Comment une grand-mère a caché son petit-fils nouveau-né sous la maternité.

Marie avait déjà soixante ans. La retraite sonnait le glas, mais elle navait aucune envie de se presser. Après son service à lhôpital de Lyon, elle a changé de blouse, enfilé son manteau et sest dirigée vers son appartement. La pluie tombait à seaux et elle était sans parapluie. Elle a mis son sac à main sur la tête comme un chapeau improvisé et a couru jusquà larrêt de bus.

Soudain, un petit cri a traversé le grondement des gouttes.

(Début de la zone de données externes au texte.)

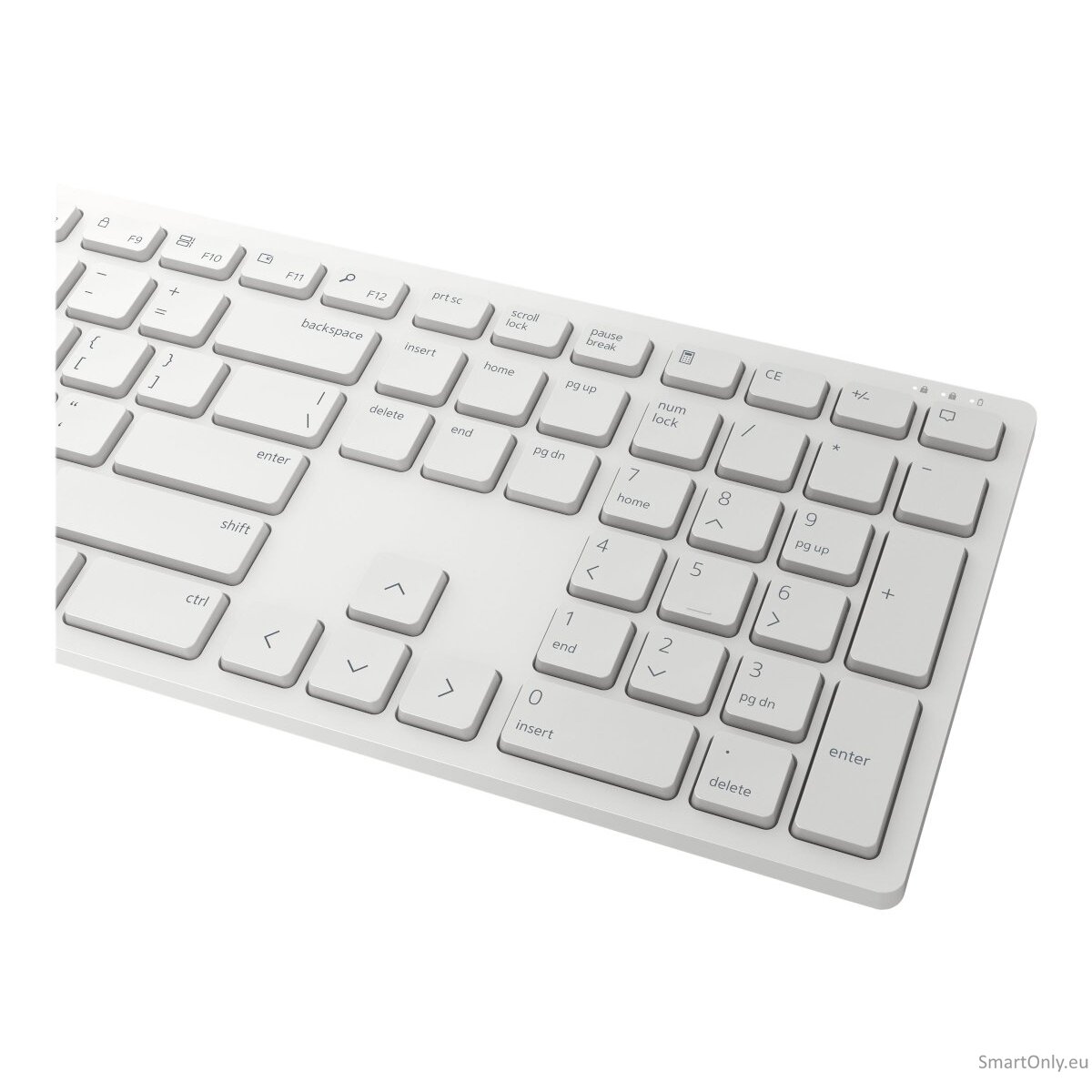 Dell Keyboard and Mouse KM5221W Pro Keyboard and Mouse Set Wireless Mouse included Keyboard Technology - Plunger; Movement Resolution - 4000 dpi RU 2.4 GHz White 8 Dell Keyboard and Mouse KM5221W Pro Keyboard and Mouse Set Wireless Mouse included Keyboard Technology - Plunger; Movement Resolution - 4000 dpi RU 2.4 GHz White 8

Sur le banc, un nouveau-né, à peine quelques jours, était abandonné, trempé comme une crêpe.

Marie a ramassé le bébé, le berçant comme une vieille amie, tandis que la mère, en panique, retournait au service de néonatologie, le visage ruisselant. Un pédiatre durgence a été appelé pour examiner le petit.

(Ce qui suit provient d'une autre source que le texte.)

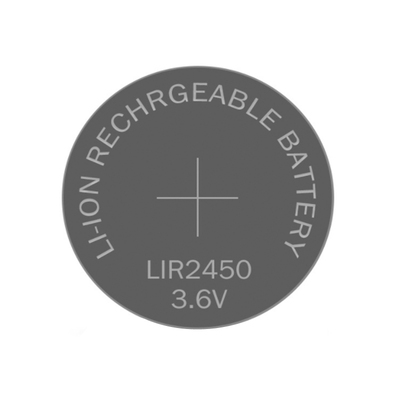3.6VLIR2450充电锂电池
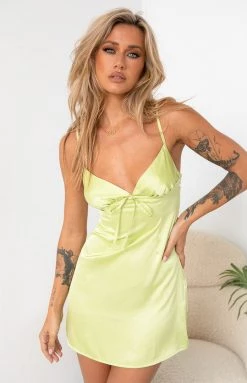 BB Exclusive Dresses Theodore Green Mini Dress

Cest un garçon, deux semaines, en pleine santé. On ne comprend pas pourquoi il a été laissé là, mais il faut le chérir comme un trésor, a déclaré le docteur.

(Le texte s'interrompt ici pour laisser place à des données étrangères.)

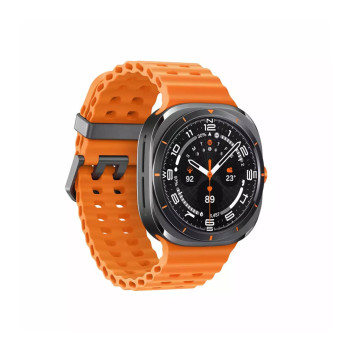 New Open Box Samsung Galaxy Watch Ultra (2025) 4G LTE with Bixby 1.5" AMOLED - Titanium Grey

Marie a décidé de garder le poste de nuit, car le sommeil nétait pas au programme. Quelques minutes plus tard, la police est arrivée, exigeant une déposition. Pendant ce temps, la vieille dame ne lâchait pas le petit des yeux.

Deux heures plus tard, une équipe de policiers est revenue, escortant un jeune couple marié. La fille, en larmes, et le garçon, les yeux rougis, semblaient chercher un souffle.

Voyons ce petit. Peutêtre estil le nôtre, a murmuré la jeune femme.

Ils ont enfilé leurs blouses et se sont dirigés vers le service de maternité. En apercevant le gamin, la mère, Mélisande, sest effondrée en sanglots, le serrant contre son cœur. Marie, interloquée, ne comprenait rien. Linspecteur a alors tout expliqué :

Mélisande et Robert vivaient une romance clandestine, leurs parents sy opposant fermement. La mère de Robert, farouche comme un âne, faisait tout pour briser le couple. Quand le bébé est né, ils espéraient que la grandmère de Robert sadoucirait. Au lieu de cela, elle a accusé Mélisande davoir « engraissé » le bébé pour les ridiculiser. Profitant de la distraction, elle a déposé lenfant sous le service de maternité comme un coup déclat.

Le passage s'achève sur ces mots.